For Research. For Berlin.

Can Scientific Quality Be Quantified?

Why has evaluating quality in science changed from asking “What” to “How much”? How did measuring quality become a goal in itself in the scientific community? And when did all these problems begin? Ulrich Dirnagl, Einstein Foundation Award Secretary and Director of Experimental Neurology at Charité, provides a brief outline of the evolution of quality in science.


Quality is a challenging notion. Everyone likes to champion, but it is notoriously difficult to define. The standards used to define quality are often disputed, whether in industry, the arts and culture, or the sciences, and they are continually changing. When we take a closer look at the origin of the word, it is easy to understand why it raises so many questions. It stems from the Latin interrogative pronoun qualis which asks for the character or nature of something to be defined.

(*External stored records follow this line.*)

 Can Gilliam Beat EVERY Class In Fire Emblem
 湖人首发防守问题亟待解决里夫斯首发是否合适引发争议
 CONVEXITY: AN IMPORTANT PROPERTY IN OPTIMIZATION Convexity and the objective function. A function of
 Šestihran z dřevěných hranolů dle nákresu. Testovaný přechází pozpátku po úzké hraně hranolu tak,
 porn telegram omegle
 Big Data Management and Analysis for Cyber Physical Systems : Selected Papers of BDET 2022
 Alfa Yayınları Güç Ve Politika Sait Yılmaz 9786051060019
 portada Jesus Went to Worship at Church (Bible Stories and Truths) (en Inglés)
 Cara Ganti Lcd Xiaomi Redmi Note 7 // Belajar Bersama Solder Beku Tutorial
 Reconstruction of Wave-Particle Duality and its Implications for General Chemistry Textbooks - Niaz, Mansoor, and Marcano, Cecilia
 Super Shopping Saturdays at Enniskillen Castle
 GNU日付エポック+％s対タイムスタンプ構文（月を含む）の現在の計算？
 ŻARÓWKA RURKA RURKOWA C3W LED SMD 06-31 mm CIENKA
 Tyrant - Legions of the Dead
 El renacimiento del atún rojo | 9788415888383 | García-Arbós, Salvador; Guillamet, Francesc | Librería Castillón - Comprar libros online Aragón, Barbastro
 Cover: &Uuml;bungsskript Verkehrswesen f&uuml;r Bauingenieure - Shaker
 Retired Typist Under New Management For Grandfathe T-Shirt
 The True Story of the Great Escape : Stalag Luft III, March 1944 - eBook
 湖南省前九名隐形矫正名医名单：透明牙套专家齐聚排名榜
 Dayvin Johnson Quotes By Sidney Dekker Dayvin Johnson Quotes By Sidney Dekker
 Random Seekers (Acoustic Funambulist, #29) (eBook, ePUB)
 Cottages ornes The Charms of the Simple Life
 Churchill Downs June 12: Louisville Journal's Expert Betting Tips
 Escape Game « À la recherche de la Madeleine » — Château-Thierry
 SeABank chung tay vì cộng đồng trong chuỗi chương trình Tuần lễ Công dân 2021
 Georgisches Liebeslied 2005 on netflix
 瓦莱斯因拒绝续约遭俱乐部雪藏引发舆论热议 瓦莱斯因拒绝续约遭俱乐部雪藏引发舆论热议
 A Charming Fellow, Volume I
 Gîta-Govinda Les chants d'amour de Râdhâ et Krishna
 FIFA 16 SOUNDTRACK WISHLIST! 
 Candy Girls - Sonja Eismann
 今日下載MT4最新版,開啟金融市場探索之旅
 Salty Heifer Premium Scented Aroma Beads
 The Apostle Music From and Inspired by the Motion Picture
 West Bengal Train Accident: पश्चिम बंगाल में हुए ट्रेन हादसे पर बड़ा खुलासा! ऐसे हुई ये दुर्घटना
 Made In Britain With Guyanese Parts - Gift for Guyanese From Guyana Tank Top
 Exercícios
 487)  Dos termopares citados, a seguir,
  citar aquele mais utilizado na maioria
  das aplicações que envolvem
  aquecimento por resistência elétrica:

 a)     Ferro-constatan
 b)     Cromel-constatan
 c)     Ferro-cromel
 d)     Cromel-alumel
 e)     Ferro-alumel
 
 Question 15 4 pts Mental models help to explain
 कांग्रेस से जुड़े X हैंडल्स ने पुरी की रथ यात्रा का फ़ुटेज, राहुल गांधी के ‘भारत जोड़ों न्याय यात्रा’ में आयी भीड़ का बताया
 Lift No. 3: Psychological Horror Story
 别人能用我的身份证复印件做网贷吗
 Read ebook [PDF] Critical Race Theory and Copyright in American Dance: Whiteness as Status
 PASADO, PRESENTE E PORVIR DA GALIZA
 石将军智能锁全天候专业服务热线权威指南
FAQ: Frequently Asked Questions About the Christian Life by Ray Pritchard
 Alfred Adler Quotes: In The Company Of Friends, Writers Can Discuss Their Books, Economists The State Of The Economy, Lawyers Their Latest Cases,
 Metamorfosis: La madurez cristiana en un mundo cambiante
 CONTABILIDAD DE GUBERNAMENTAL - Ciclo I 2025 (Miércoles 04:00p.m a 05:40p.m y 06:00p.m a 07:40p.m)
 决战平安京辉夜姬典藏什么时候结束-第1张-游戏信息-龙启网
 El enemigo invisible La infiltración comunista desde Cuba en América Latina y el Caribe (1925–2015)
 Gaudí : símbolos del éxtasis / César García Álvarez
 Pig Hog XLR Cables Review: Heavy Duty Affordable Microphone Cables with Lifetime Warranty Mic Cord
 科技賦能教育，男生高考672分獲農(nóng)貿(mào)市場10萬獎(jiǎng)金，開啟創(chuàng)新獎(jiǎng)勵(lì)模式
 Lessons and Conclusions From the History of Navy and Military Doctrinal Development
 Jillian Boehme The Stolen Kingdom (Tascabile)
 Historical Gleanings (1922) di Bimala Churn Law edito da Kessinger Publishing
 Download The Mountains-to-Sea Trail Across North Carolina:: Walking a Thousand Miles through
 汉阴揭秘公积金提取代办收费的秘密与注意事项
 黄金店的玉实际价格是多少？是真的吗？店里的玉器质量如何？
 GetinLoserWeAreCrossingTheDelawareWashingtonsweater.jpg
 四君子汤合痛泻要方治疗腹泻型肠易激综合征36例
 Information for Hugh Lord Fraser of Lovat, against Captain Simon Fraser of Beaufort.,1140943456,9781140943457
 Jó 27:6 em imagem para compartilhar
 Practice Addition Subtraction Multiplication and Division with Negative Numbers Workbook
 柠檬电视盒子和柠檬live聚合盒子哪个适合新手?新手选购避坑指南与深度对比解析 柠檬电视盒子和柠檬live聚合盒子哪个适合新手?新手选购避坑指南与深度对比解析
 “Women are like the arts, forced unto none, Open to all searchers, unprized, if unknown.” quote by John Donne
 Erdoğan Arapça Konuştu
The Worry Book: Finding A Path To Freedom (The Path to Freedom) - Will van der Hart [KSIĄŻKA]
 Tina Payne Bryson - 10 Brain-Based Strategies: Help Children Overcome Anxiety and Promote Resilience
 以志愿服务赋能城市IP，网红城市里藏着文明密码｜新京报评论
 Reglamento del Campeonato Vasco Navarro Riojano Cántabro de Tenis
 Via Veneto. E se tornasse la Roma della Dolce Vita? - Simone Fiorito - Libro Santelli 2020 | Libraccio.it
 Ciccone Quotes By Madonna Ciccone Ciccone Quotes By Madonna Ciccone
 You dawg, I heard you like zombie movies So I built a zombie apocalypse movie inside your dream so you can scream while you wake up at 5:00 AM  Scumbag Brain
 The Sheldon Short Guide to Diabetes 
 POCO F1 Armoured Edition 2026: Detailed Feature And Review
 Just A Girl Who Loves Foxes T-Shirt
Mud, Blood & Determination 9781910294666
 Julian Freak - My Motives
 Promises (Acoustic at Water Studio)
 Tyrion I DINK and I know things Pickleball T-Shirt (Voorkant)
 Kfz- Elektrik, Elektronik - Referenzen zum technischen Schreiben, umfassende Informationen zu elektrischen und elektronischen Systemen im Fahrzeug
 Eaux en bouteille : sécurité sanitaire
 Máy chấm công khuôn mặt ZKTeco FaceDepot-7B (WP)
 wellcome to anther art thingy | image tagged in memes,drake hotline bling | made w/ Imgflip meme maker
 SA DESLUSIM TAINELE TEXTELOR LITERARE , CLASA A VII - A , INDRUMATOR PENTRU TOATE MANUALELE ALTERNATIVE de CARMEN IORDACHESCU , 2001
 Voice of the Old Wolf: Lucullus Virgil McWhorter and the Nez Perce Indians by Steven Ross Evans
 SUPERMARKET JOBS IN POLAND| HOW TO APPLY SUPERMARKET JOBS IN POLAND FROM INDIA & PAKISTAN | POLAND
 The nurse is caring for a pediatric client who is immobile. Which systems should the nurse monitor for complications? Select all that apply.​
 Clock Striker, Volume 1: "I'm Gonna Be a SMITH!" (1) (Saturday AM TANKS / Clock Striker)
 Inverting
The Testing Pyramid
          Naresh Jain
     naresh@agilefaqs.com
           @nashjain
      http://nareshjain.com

Questions surrounding quality are particularly complex in science, which claims to uphold the highest standards in this regard. This means “quality” generally continues to be an implicit and multi-dimensional construct. It is not static and is judged under different criteria and standards in the natural sciences, the humanities, and the social sciences. These criteria and standards can also vary to a certain degree among the individual fields of research within the same scientific domain. In science, it can take on the form of methodological rigor, or expertise and quality within planning, implementation, and analysis; it is also evaluated in terms of reliability and reproducibility of results, plausibility, originality, and novelty. For many researchers, it also encompasses values such as respect, fairness, integrity, and ethical behavior. In order to judge quality according to all these factors, science must be transparent and lay all its cards on the table. This is why transparency is one of the many universal elements used to measure the quality of research. A further dimension to consider is the fact that quality in science is not only defined and monitored internally, namely within specialist communities, but is also influenced by external stakeholders such as institutions, funding bodies, members of the political arena, the general public and, of course, scientific publications. These influences have radically altered the global research culture in recent decades—and not necessarily for the better. 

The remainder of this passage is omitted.